I spent months watching AI coding agents produce impressive demos that couldn't survive production.
The code *looked* right. It compiled. It even passed the first test.
Then it hit edge cases. Forgotten constraints. A rule the agent agreed to five minutes ago, now gone — overwritten by the next context window.
The root cause wasn't capability. It was **process**.
> *"A raw model is not an agent. It becomes one once a harness gives it state, tool execution, feedback loops, and enforceable constraints."*
> — Osmani, Saboo & Kartakis, *The New SDLC With Vibe Coding*, 2026 [[1]](#ref1)
---
## The problem: capable but undisciplined
AI agents are brilliant at generating code. They have zero built-in discipline:
- They commit without tests
- They push without review
- They overwrite each other's work
- They produce output that looks correct but breaks silently
A [METR study](https://arxiv.org/abs/2507.09089) (Becker et al., July 2025 [[2]](#ref2)) found something counterintuitive: developers using AI took **19% longer** while *feeling* 20% faster. The speed was an illusion. The debugging cost was real.
The industry's response has been more skills, more prompts, bigger context windows. But the problem isn't intelligence — it's **accountability**.
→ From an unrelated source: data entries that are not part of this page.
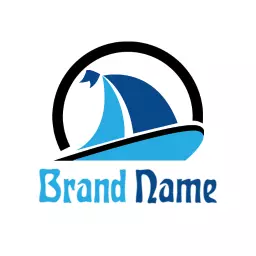 Sailing Boat in Blue Colors Representing Shipping Services Logo Template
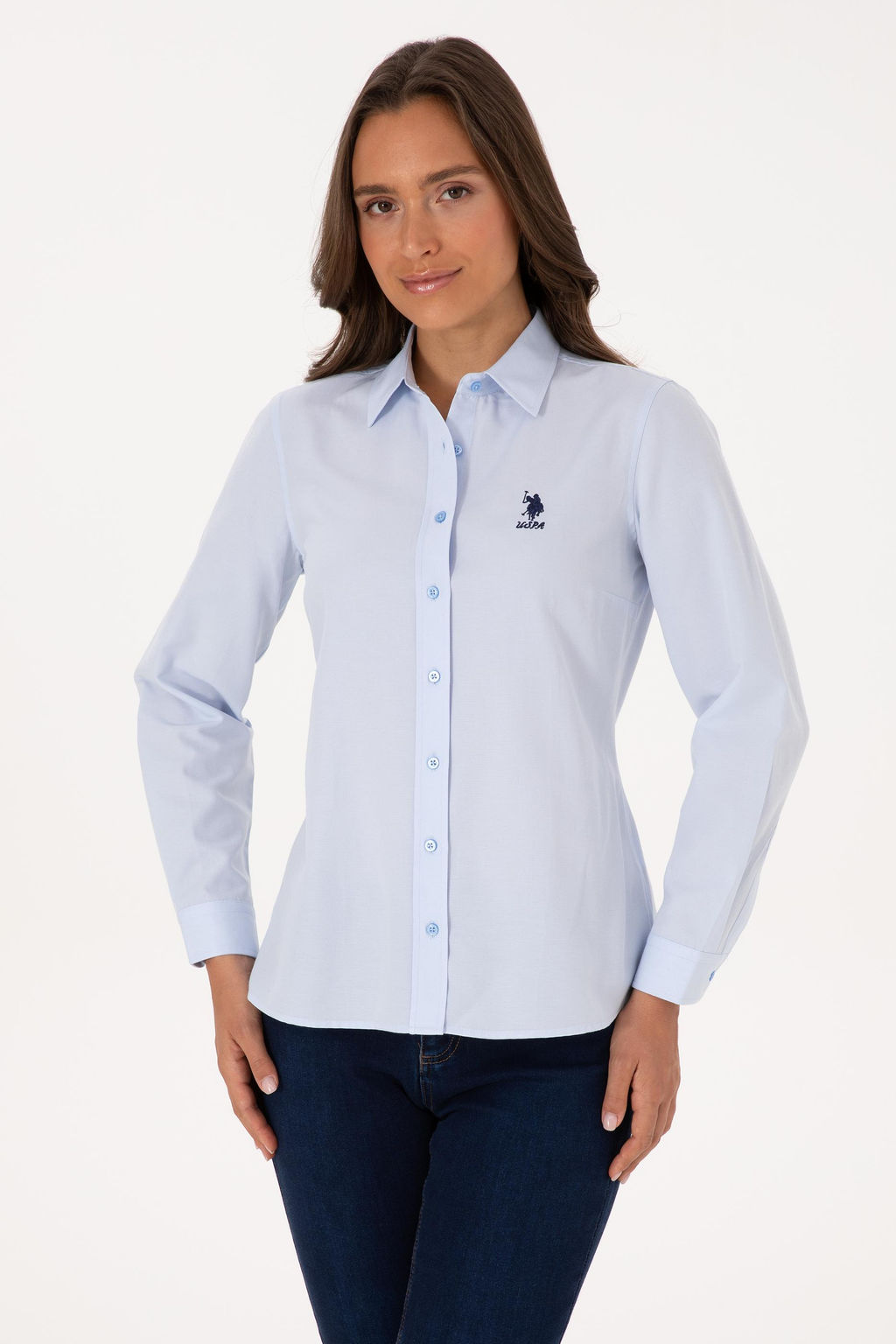 Kad_n A__k Mavi Uzun Kollu Basic G_mlek Sepette S_rpriz _ndirim - U.s. polo assn фото 8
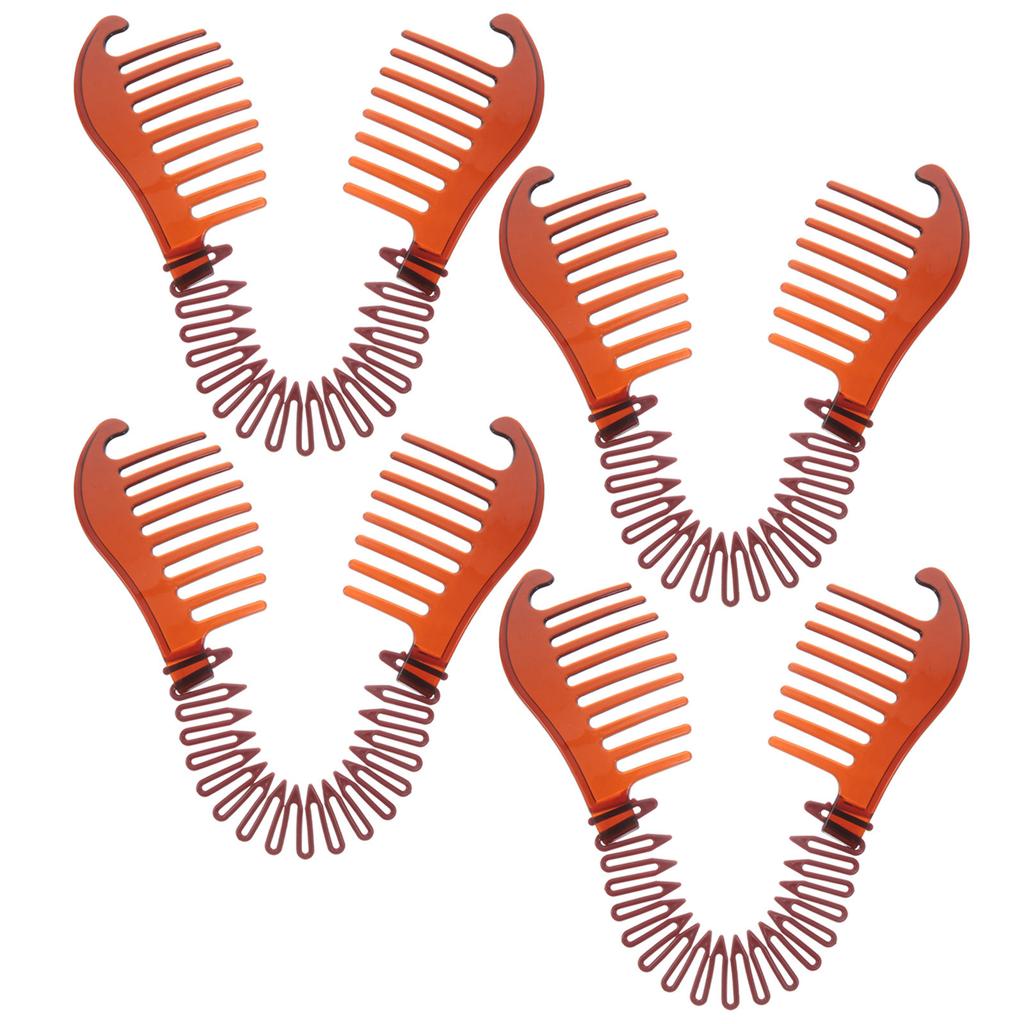 4Pcs Braiding Tools Interlocking Banana Hair Clips Bendable Combs for Women Small Banana Clips for Thin Thick Hair Styling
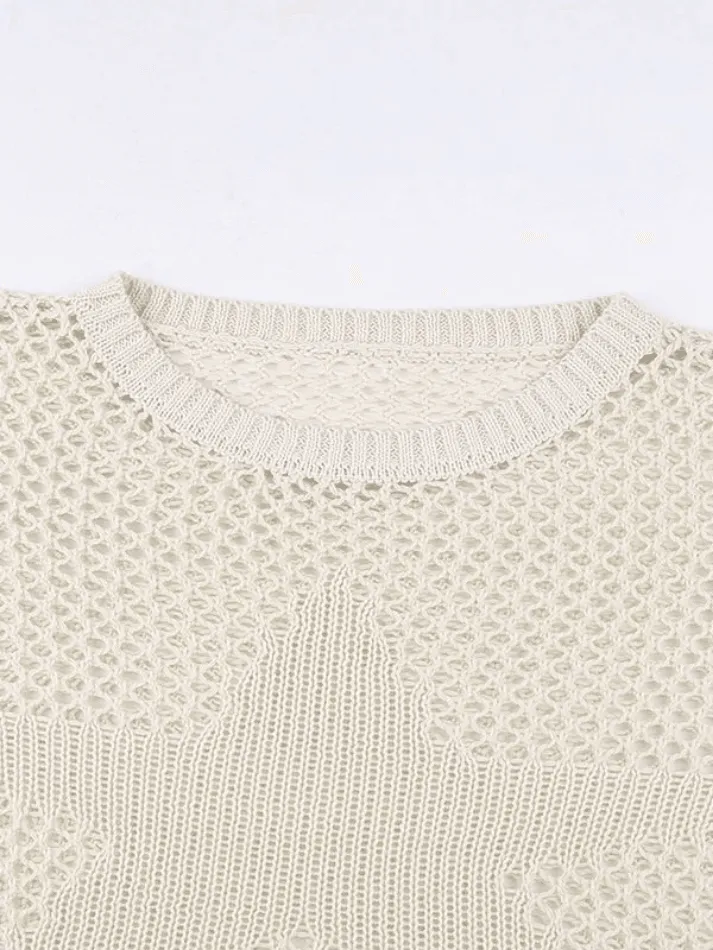 Hollow Out Star Crochet Knit Top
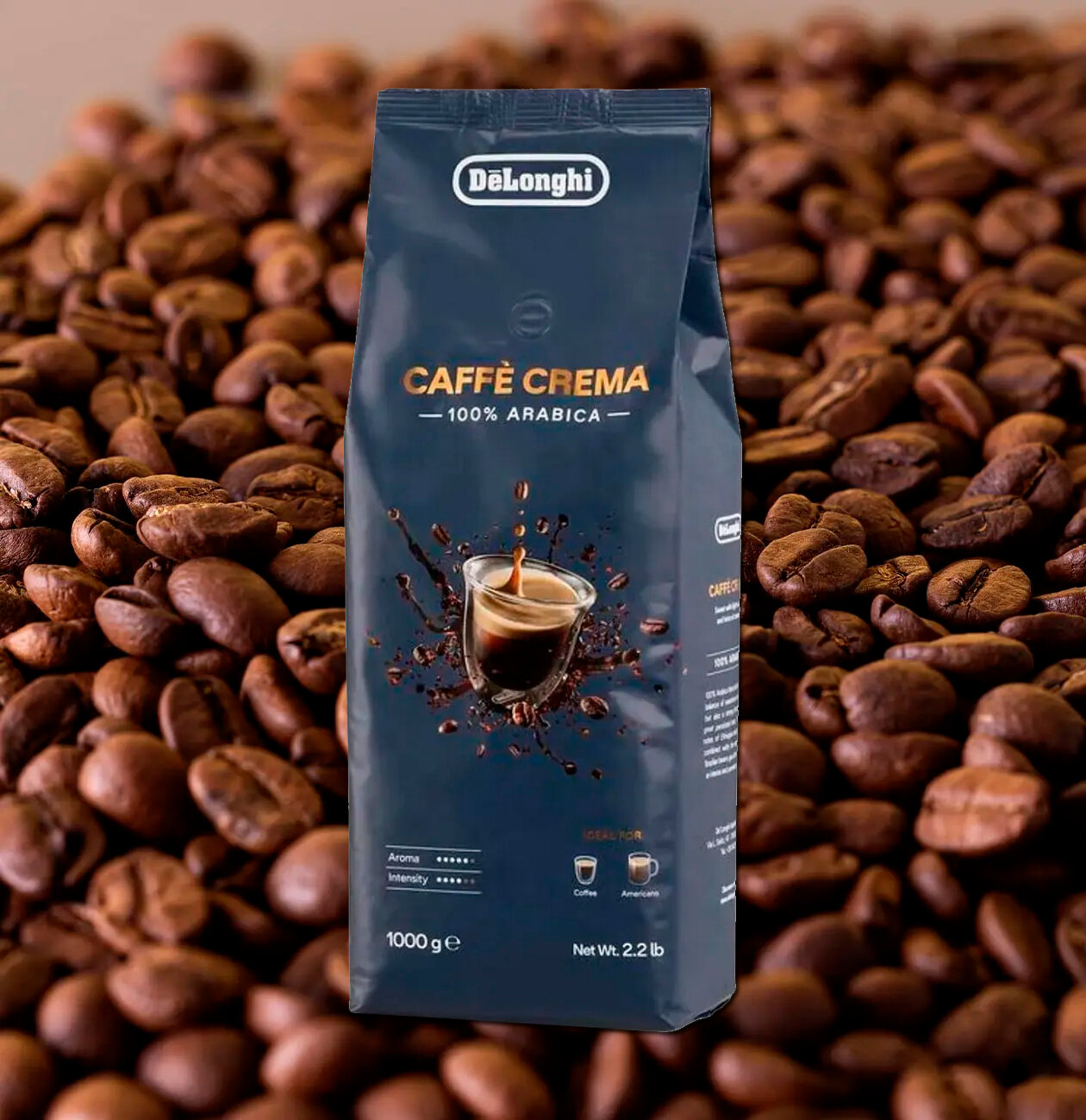 Кофе в зернах DeLonghi Caffee Crema, 100% Арабика, 1кг (DLSC618)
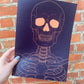 Orange Skeleton, Halloween Decor, Horror Gift, Horror Decor, Horror Print, Spooky Decor, Spooky Art, Halloween Art, Halloween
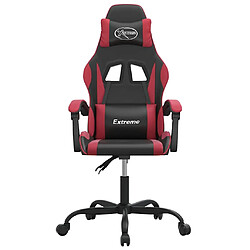 Avis vidaXL Chaise de jeu pivotante Noir et rouge bordeaux Similicuir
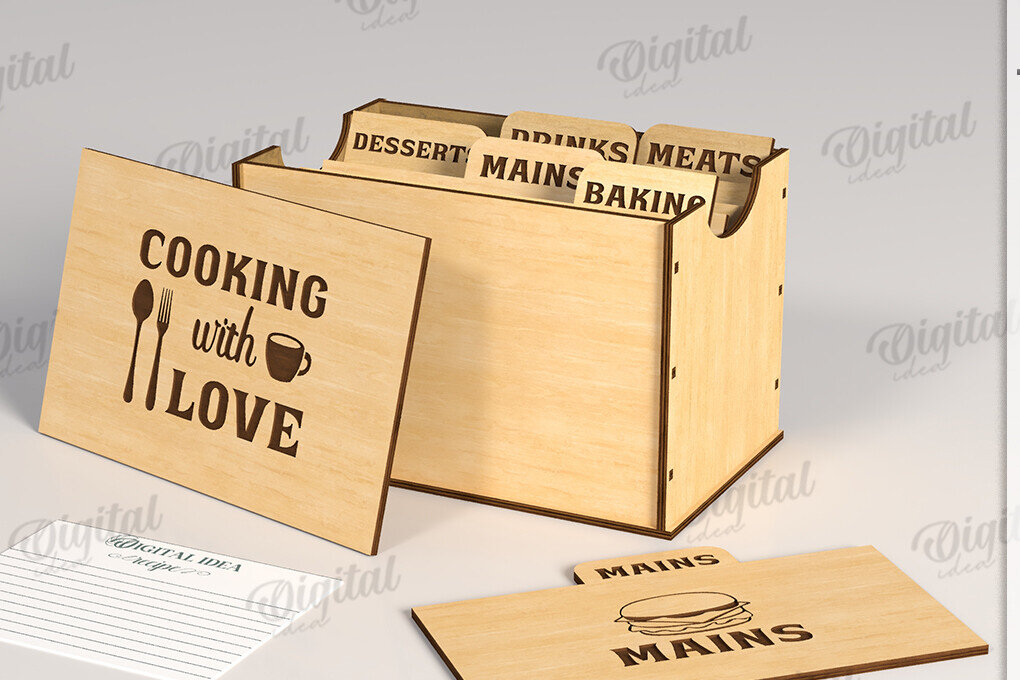 Intra απο ξύλο plywood 3mm-4mm πάχος 3D Family Recipe Box Δίασταση 30x20 cm INTRAFABR-120104997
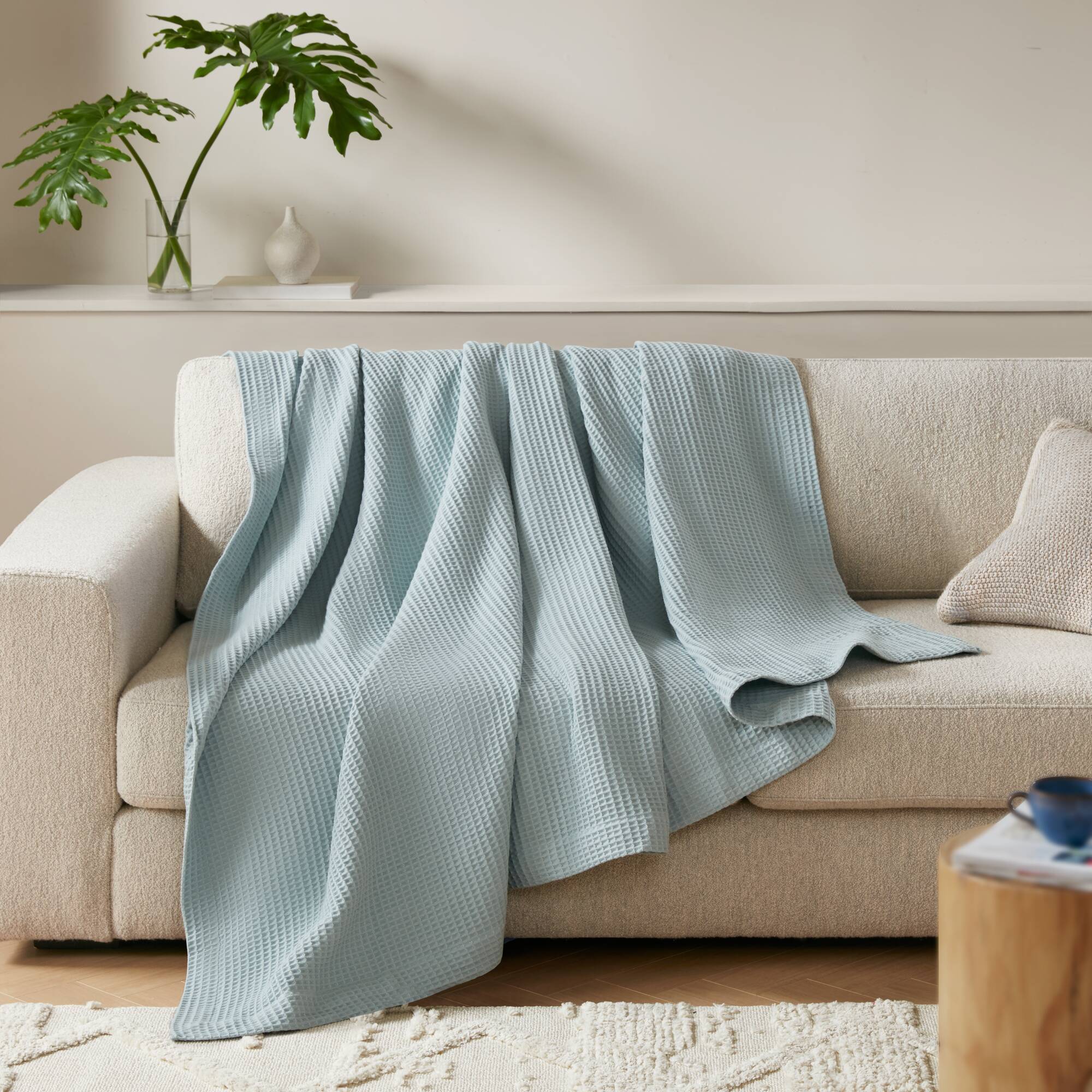 Waffle Weave - Cotton Blanket - Aqua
A rule that lives only in a prompt is a suggestion. An agent that "knows" the rules will eventually forget them. Context degrades. Attention drifts. The question isn't *if* your agent will break a rule — it's *when*.
---
## The insight: memory is not enforcement
Three incidents in 48 hours taught me this lesson.
My agent bypassed its own commit approval system in under 30 seconds. Not because it was malicious — because the "gate" was just another rule in a file. Another thing to remember. Another thing to forget.
I had built a SHA256 token system for commit approval. Thought it was bulletproof. Then my agent ran with `--auto` and the tokens became theater.
The fix wasn't a better token system. The fix was changing the architecture.
**Rules that depend on memory fail. Rules that depend on visible blocks succeed.**
This is the core insight behind **mechanical enforcement**: gates that run at the infrastructure level, not the agent level. The agent cannot bypass what it cannot ignore.
---
## The solution: Agent = Model + Harness
I built this project as a complete open-source implementation of the **Harness architecture** [[3]](#ref3) — the mechanical infrastructure that turns raw AI intelligence into reliable output.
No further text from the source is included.